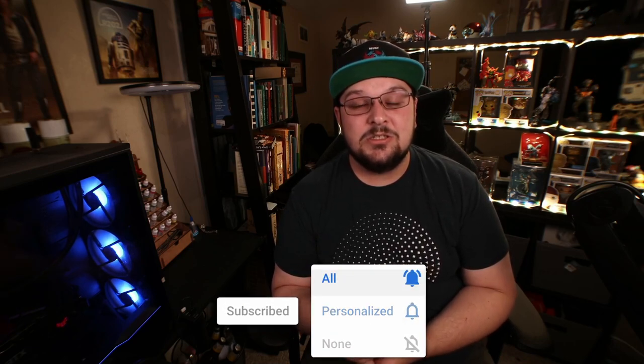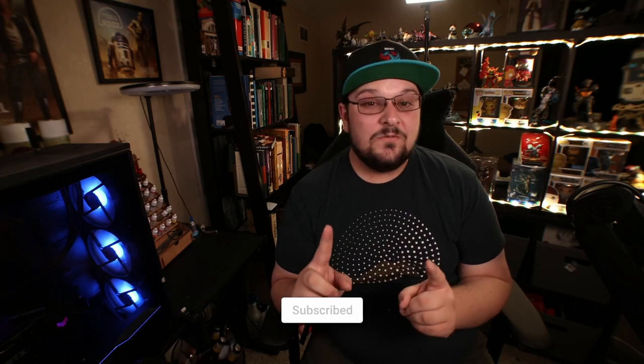Before we go on, don't forget to like the video if you liked it and subscribe to the channel. Also, the link is down below to the merch store — go get some great merch. By the way, this video is not sponsored by Deltahub. I paid my own money to get this like every other review I do. I'm not a big enough YouTuber for people to send me stuff yet.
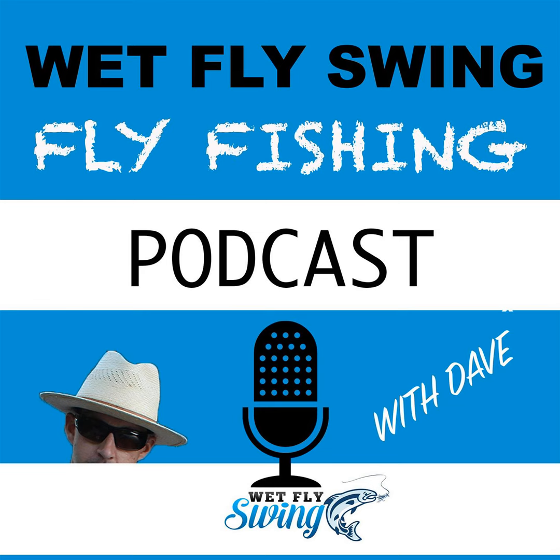Let's start in a step-by-step fashion and cover the gear. Let's talk about rod, reel, line, leader, and what's most common. If somebody's going to pick up a setup now, what do they need? Does it differ whether you're fishing a big stream versus a small stream?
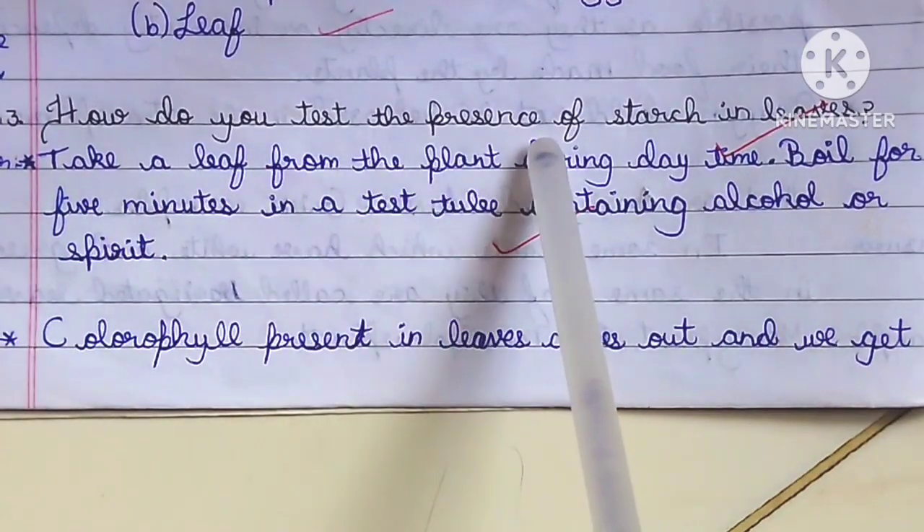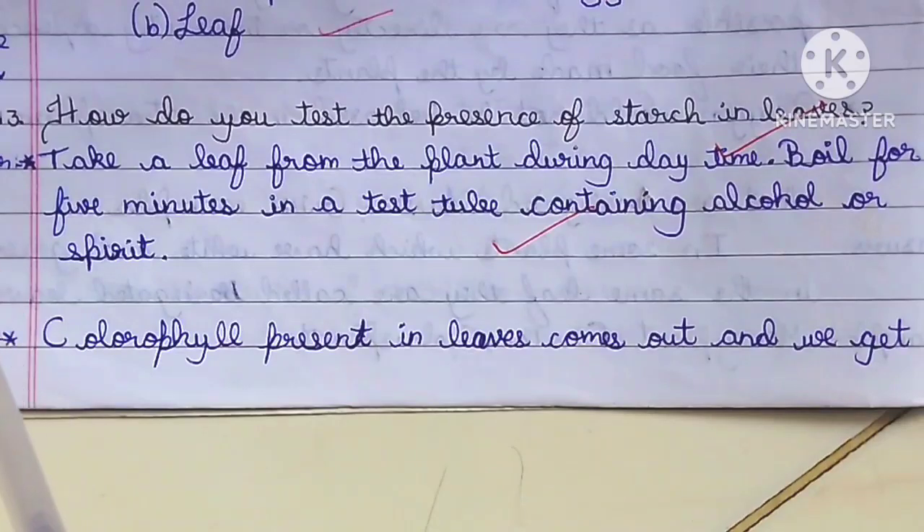How do you test the presence of starch in leaves? Answer.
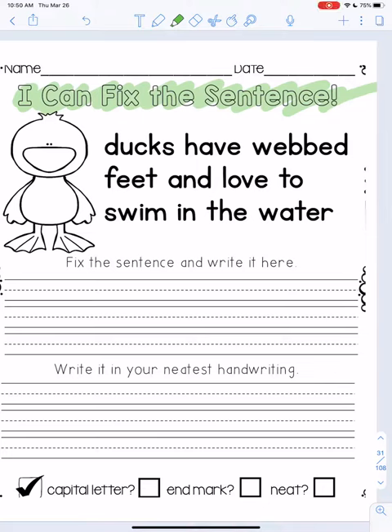Hi everybody, it's Mr. Sunito and I thought I would walk you through one of the pages from our early spring break packet. The page I'm gonna do in this video is called I Can Fix the Sentence.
==*==
## Problem details:
Look above for the line with "Let's start in", then give again exactly every line from there through the line with "How do you test", skipping the pictures.

## Reply to the exercise:
Let's start in a step-by-step fashion and cover the gear. Let's talk about rod, reel, line, leader, and what's most common. If somebody's going to pick up a setup now, what do they need? Does it differ whether you're fishing a big stream versus a small stream?
How do you test the presence of starch in leaves? Answer.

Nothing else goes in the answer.